How stable is beta?

This is for the practitioners who actually rely on beta for any kind of valuation.

What do you use and why? Bloomberg beta or … ? Also, over what time period?

I am too lazy (actually pressed for time) to google the research on the stability of individual company beta; but I suspect it cannot be very stable. Yet CAPM assumes it to be pretty much a constant.

Maybe someone knows some research on the “volatility in volatility” i.e. std dev of beta or std dev and so on.

At our valuation practice, the betas we use for our subject public company approach, for cost of equity, we use 5 years prior to the valuation date, monthly betas (so 60 data points), off the S&P 500 index. We also have an option to use 2 year weekly beta for younger companies. Both come from CapIQ.

At the prior small firm I was at, we just pulled the pricing data of yahoo finance and ran the regression ourselves, 5 year monthly.

Over a 5 year period, it should be relatively stable, because of the way beta is calculated, with 60 data points. A few outliers may screw it but with 60 data points, it shouldn’t be thaaat much, correctly me if I’m wrong.

We use these approaches, not to make money, but to not get in trouble with regulators. It’s acceptable practice.

Also, other valuations I’ve reviewed from other firms use something close, usually 5 yr, either monthly or weekly data, S&P 500, MSCI world index, and recently I saw one that used local market index for each company in the comp set… I’m still thinking about that…

hpracing I still don’t work in an instiutional firm, but irregardless of common practice. You are right in the sense that 60 data points on a five year period is probably a good balance between reducing error, and explaining underlying fundamentals. But most of the time, the R-squared is just too low to explain the beta properly. This is why the best way to derive beta is by a bottom up approach by carefully choosing comparables. This attempts to minimize regression errors, and idiosyncratic influences on the measure of systemic risk.

^ damodaran preaches that approach, which sounds good to me, anyone ever see it used in practice?

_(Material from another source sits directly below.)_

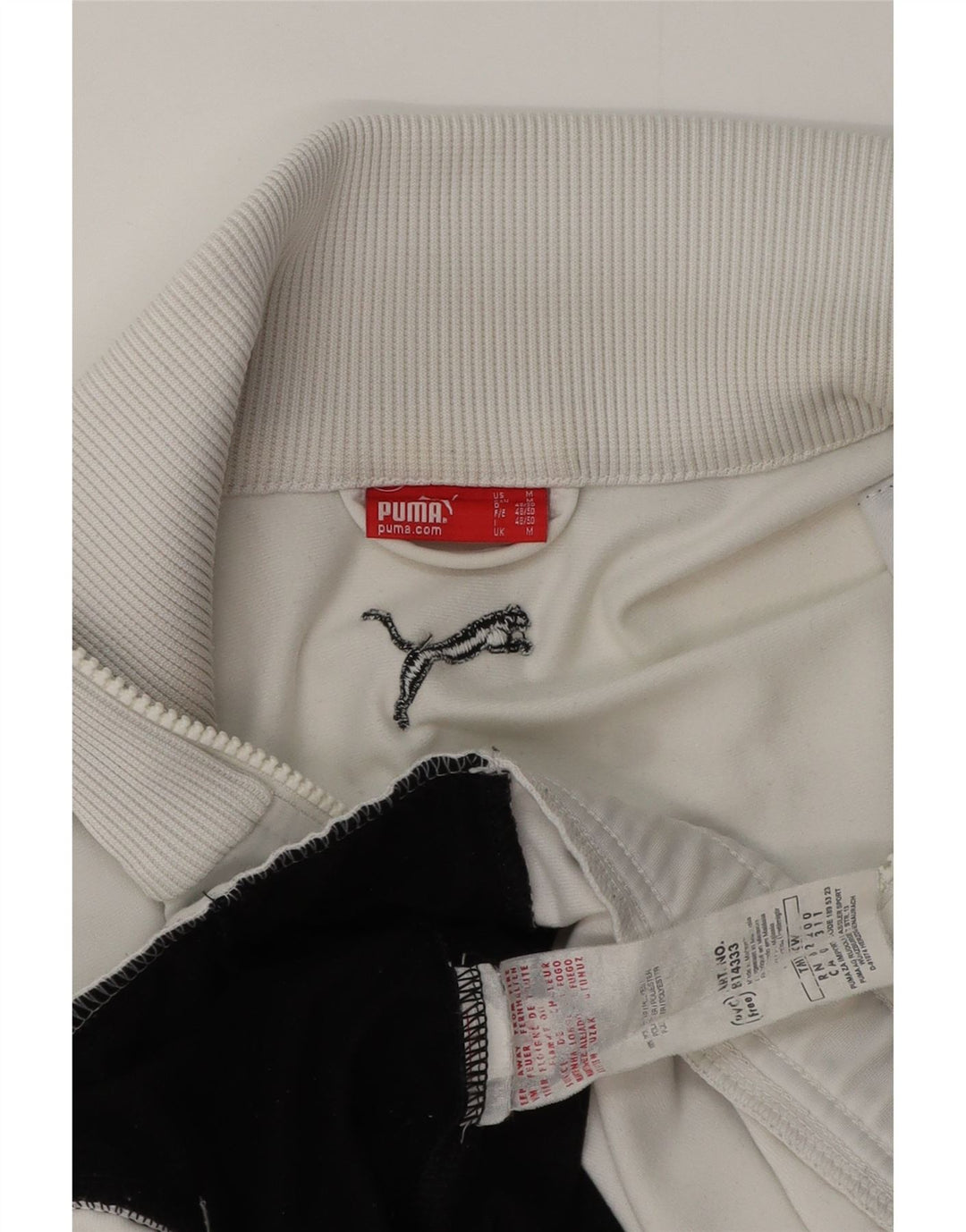 Puma Chaqueta De Chándal Superior Para Hombre Poliéster Color Block Blanco Mediano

I’ve not done it, because I tend to work with indexes rather than individual stocks. I assume what’s happening is that you delever the observed betas to neutralize the effect of financial leverage, then come up with a beta for the business, using comparable companies, then relever using current financial leverage to figure out how sensitive the stock is, yes?

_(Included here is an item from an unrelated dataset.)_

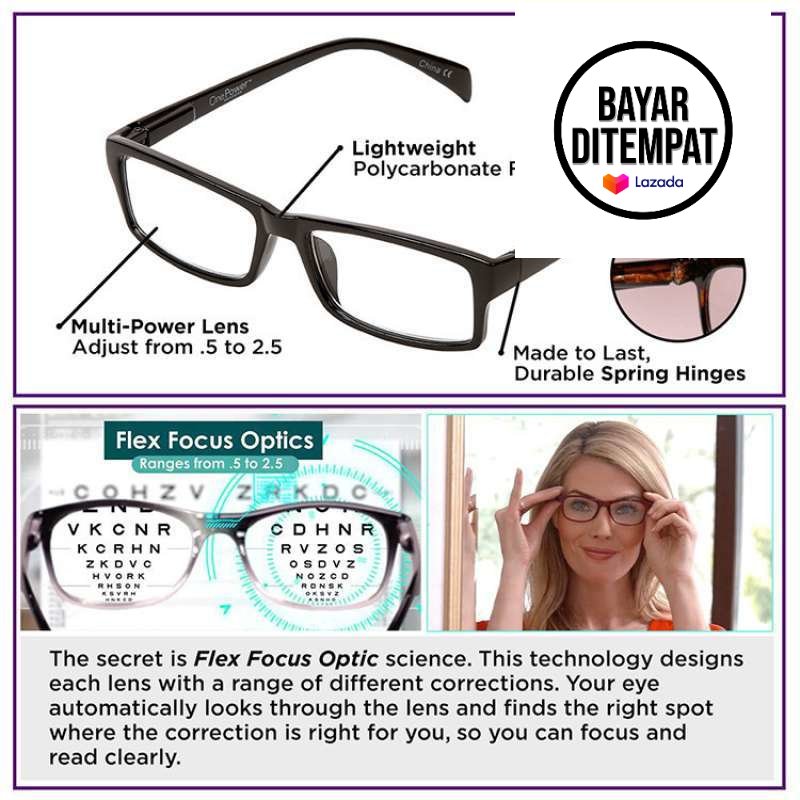 Kacamata Baca Plus Auto Focus ONE POWER READERS kaca mata plus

In my experience with indexes, beta does seem to change a disturbingly large amount depending on what time period you are using. Remember that a good estimate of beta should ideally be at least one and preferably an integer number of business cycles, which is typically 6-8 years, and not the more conventially used 5.

I may be wrong but I think what you describe is a market compriable or industry beta. I don’t know that term I just do them haha

My understanding of a bottom up beta is you split the company, example damodaran gives is for Disney, into lines of business, say theme parks, movie business, theme park, broadcasting, ect. You try to find pure play comps or ones with similar economics for each line, delever and relever, and weight based on revenue of each business line, that way you are not just performing a single beta calc of Disney as a while.

if in free today, I’m going to see if capiq lets me graph a beta over time and see just how much it fluctuates, I’m interested now.

Yes, if the company has multiple business lines or is a conglomerate, then you would redo that approach for each line of business, using separate comparables and then merge them by relative share (by dedicated assets I would think, though possibly by revenue). I don’t see what I’ve said and what you’ve said as being incompatible. I was just describing what I understood as the bottoms-up approach to finding beta using comparables that you were asking about. If your company has more than one business line that is substantially different from the others, then you would break the lines apart and merge the betas together at the end.

Reading your post and mine again, and see what you’re saying.

Yes, Damodaran preaches that approach, and the general finance literature agrees as well.

bchad, as for using a whole business cycle to measure the beta, this comes down to the analyst’s subjective approach. But generally, five years attempts to grasp one business cycle on average when you consider all industries. If the underlying business has changed considerbly in the past 6-8 years (assuming it’s one business cycle for the company in question), let’s say, has matured. Then measuring a whole business cycle might overestimate beta in this case. Another case in point, is that if the business in question exhibits the same behaviour of cyclicality compared to the previous one, then it would be prudent to derive a bottom up beta of other companies with smillar size and operating structure, for a better reflection of the leading measure of beta. In honesty, it would be prudent to do the same for almost all cases where comparables are confidently defined.

Even then, you will unlikely get a precise measure, but it still remains the best estimation of systemic risk in a CAPM model.

For a particular company, beta over time will likely fluctuate significantly, but the beta of a portfolio / the average beta for a group of comps will be a lot more stable. If you look at the R2 for the OLS beta for each comp, it may be very low - but the R2 for the beta of the comps portfolio may well be higher than each of the individual R2’s. So if you’re using a bunch of comps and taking the average beta for your target, it is not particularly meaningful to report individual regression stats or look at the individual variability of each comp beta.